A Baltimore hospitality figure moves into national reality TV
Andrew Wheeler, a Baltimore bar operator associated with Federal Hill establishments, appears as a contestant on Netflix’s reality dating series Age of Attraction. The program centers on a single rule: participants date and form relationships without knowing one another’s ages until later stages of the process.
Wheeler has been publicly identified in local business coverage over multiple years as an operating or managing partner tied to the rebranding of the former Mad River Bar & Grille space into The Charles, a Federal Hill venue that shifted emphasis toward food and cocktails. More recently, Wheeler has been connected with Locals Only, also in Federal Hill, in reporting related to Baltimore’s licensing requirements for live entertainment.

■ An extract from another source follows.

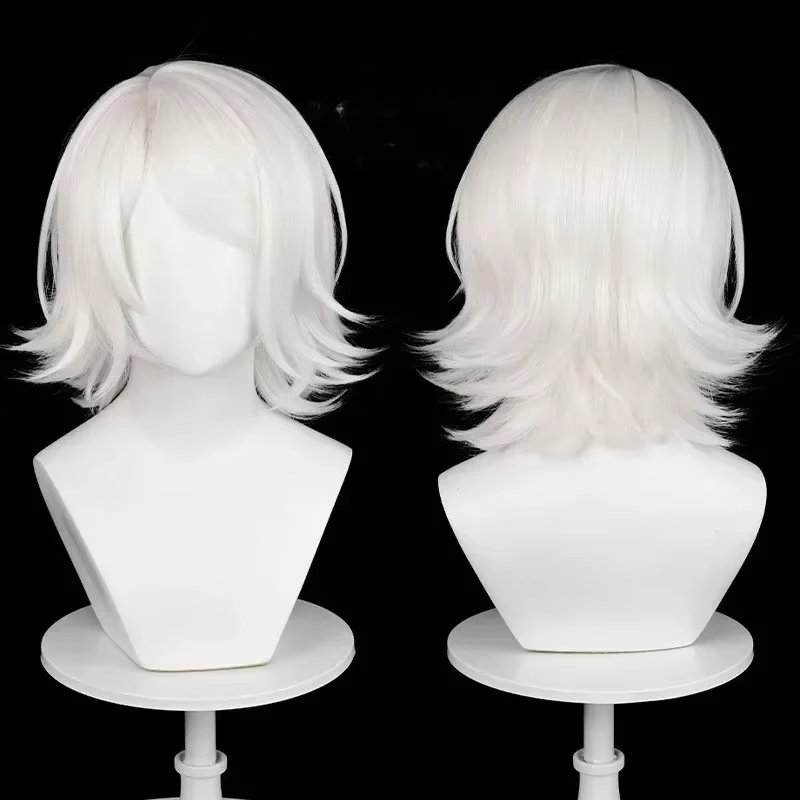 Perruque Cosplay Synthétique Anime Juzo Suzuya Kamishiro Rize oké eki Ken Tokyo atsuki Sen Sasaki Haise Touka Kirishima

What the Netflix series is and how it works
Age of Attraction is positioned as a “social experiment” style dating series. Its central premise is that first impressions—often influenced by assumptions tied to age—are removed from early relationship-building. The show places 40 singles together and withholds contestants’ ages during the dating phase, building toward an age reveal after emotional commitments have begun to form.

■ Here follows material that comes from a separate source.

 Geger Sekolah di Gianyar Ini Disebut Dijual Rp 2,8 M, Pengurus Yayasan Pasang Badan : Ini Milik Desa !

The series is hosted by Nick Viall and Natalie Joy. Netflix lists the show as a reality dating title and notes that the concept hinges on testing whether strong connections develop when age is not immediately available as a sorting mechanism.

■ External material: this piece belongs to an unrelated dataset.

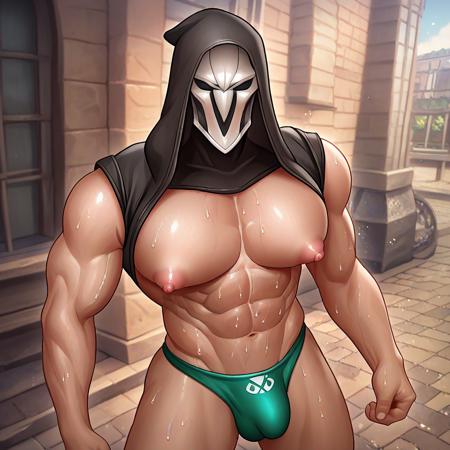 Overwatch Males for Pony V6 XL版本vAlt (ID: 567046)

- Format: reality dating series built around concealed ages
- Cast: 40 singles participating in an age-blind dating environment
- Hosts: Nick Viall and Natalie Joy
Production details and timeline
Netflix’s rollout places the first season’s debut in March 2026. Industry and entertainment coverage has described the season as an eight-episode run. Production has been publicly associated with filming locations in British Columbia, Canada, including Whistler and Vancouver.
The show’s structure is designed to delay age-based judgments until after bonds have already formed.
Local context: Baltimore’s bar industry and the visibility effect
Wheeler’s appearance adds a Baltimore-area business operator to a national streaming cast at a time when reality TV continues to draw from professionals outside entertainment. For Baltimore’s hospitality sector—particularly in neighborhoods such as Federal Hill—national exposure can coincide with heightened public interest in the people behind well-known venues.
In this case, the verified public record connects Wheeler to established businesses in the city’s bar-and-restaurant landscape, while the Netflix series introduces him to a broader audience through a format that deliberately limits personal data early on, then tests how those withheld facts shape decisions later.